= Problem to work on =
Shown below are entries with pictures; the line with "Saksild Strand House" through the line with "را دارد ایران" is the span to retype exactly, and the pictures stay out.

= Data extract =

>>>>>

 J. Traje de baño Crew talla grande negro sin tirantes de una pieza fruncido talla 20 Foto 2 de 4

<<<<<
>>>>>

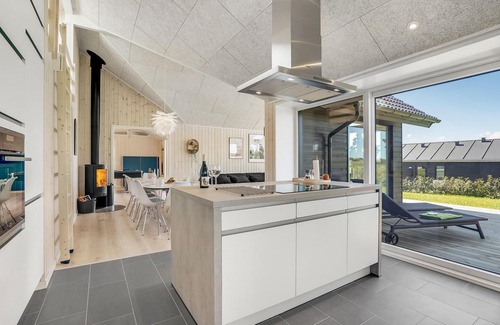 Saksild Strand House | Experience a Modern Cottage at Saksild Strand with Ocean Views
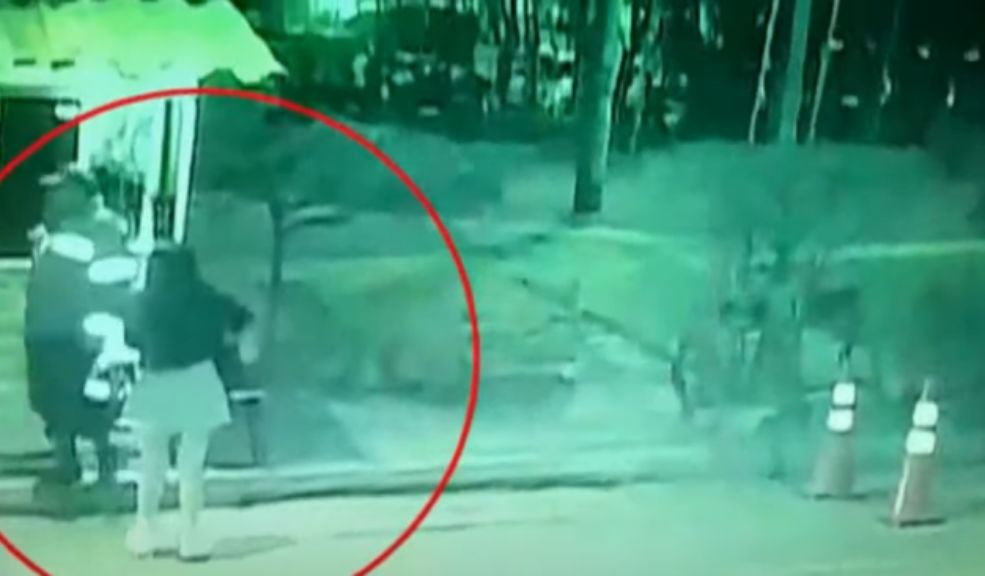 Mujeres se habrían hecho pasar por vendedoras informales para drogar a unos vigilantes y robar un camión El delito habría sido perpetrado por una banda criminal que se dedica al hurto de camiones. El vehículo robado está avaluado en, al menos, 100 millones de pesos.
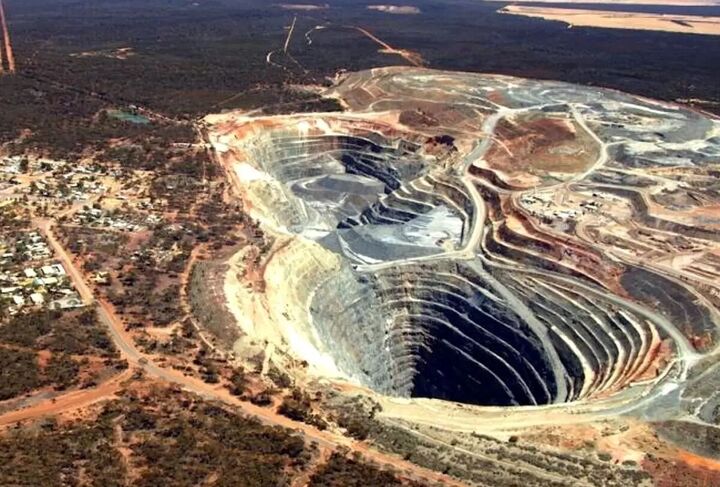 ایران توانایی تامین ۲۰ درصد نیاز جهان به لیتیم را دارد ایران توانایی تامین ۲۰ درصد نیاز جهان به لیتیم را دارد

<<<<<

= Reply to the exercise =
 Saksild Strand House | Experience a Modern Cottage at Saksild Strand with Ocean Views
 Mujeres se habrían hecho pasar por vendedoras informales para drogar a unos vigilantes y robar un camión El delito habría sido perpetrado por una banda criminal que se dedica al hurto de camiones. El vehículo robado está avaluado en, al menos, 100 millones de pesos.
 ایران توانایی تامین ۲۰ درصد نیاز جهان به لیتیم را دارد ایران توانایی تامین ۲۰ درصد نیاز جهان به لیتیم را دارد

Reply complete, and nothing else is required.